The region employs the bulk of France’s tech and science specialists. It is served by a highly developed transport system. Places of economic or historic importance besides Paris include Beauvais, Compiégne, Fontainebleau, Laon, Meaux, Melun, Nemours, Saint-Cloud, Saint-Germain-en-Laye, Senlis, Soissons, and Versailles.

Paris known as “Le ville des Lumières” -the City of Lights (parce que c’est à Paris qu’est né le premier éclairage public sous Louis XIV en 1665 avec la création du premier établissement de lanternes) with it’s monuments,museums,art galleries and gardens and historic quartiers is a truly memorable visit.

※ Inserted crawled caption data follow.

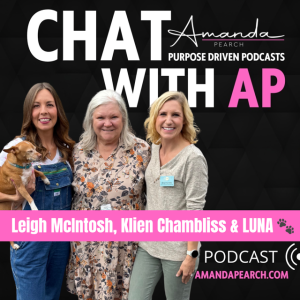 Leigh McIntosh & Kline Chambliss chat with Amanda Pearch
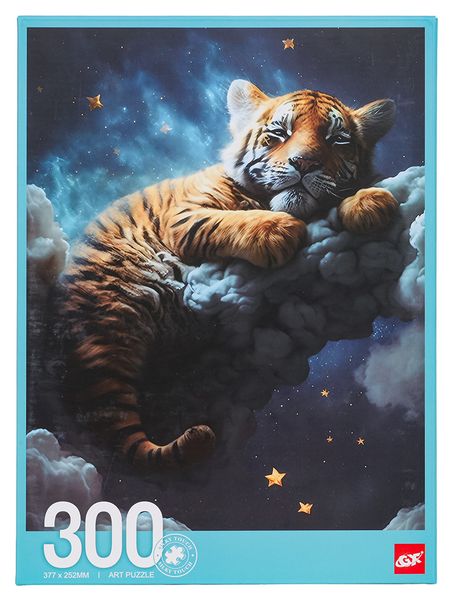 Zestaw Puzzli 300El. Tygrysek zdjęcie 3
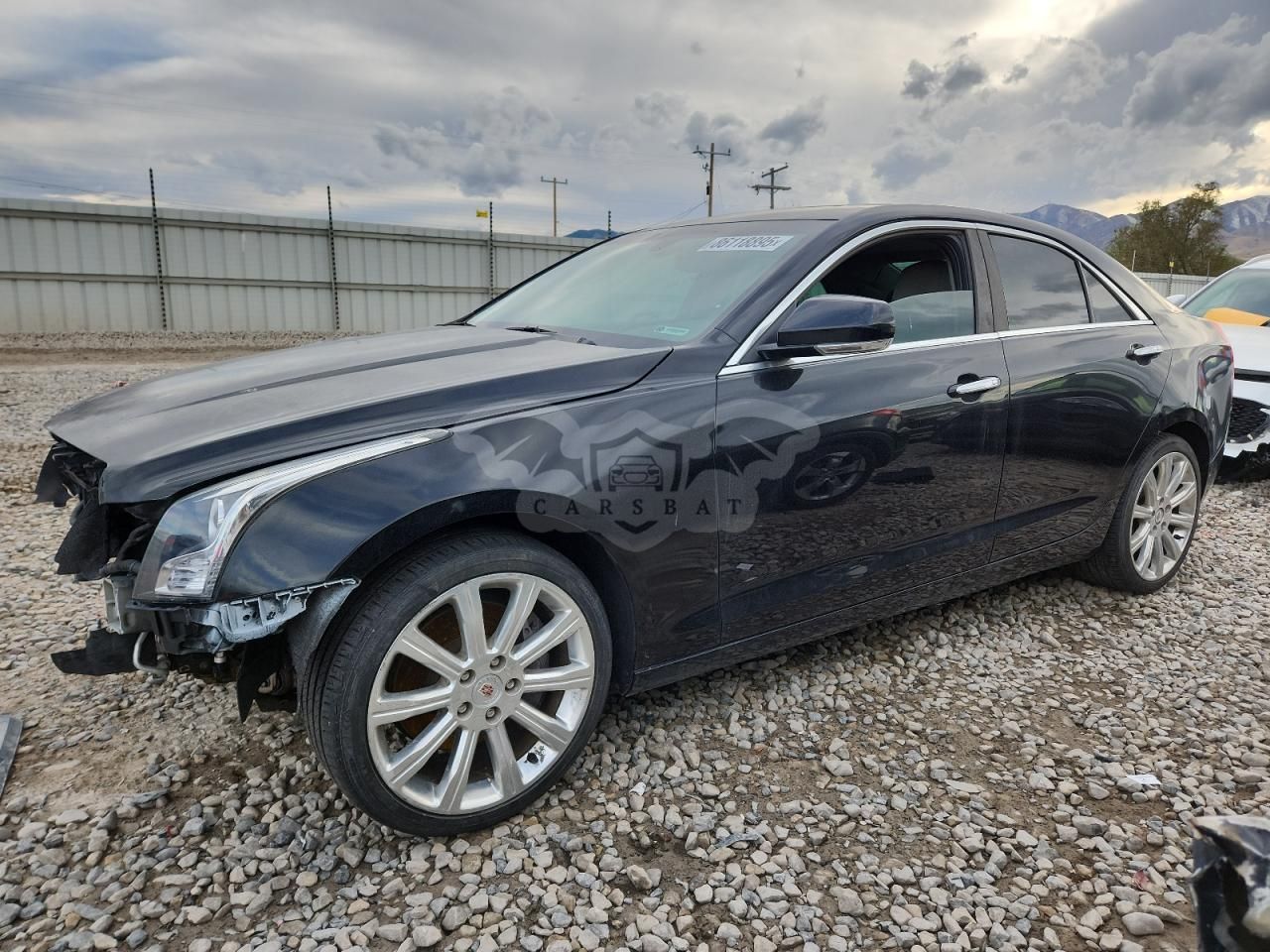 Cadillac ATS LUXURY 2.0L 4 2013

Île-de-France was the cradle of the French monarchy. The name came into use only in the 14th cent and is believed to come from the illusion of an island encircled by the Seine, the Ouse, and the Marne and their affluents . The region, including the countship of Paris, had become part of the duchy of France or Francia by the 10th cent. In 987, Hugh Capet duke of France and count of Paris, was chosen as the King of the Franks and his domains became the nucleus of the ever-growing crown land, which by the time of the death in 1483 of Louis XI known as l’universelle aragne (the universal spider) comprised the major part of present-day France.

Île-de-France itself, which had been enlarged through the acquisition by the crown of various fiefs, was at that time constituted into a province subject to the parlement of Paris. After the French Revolution the province was divided.

It became a French administrative region in 1976 and it’s residents are known as Francilliens or Francilliennes,a word created in 1980.

The Paris region is Europes’s richest region with a GDP higher than North Rhine Westphalia in Germany and Greater London in the UK.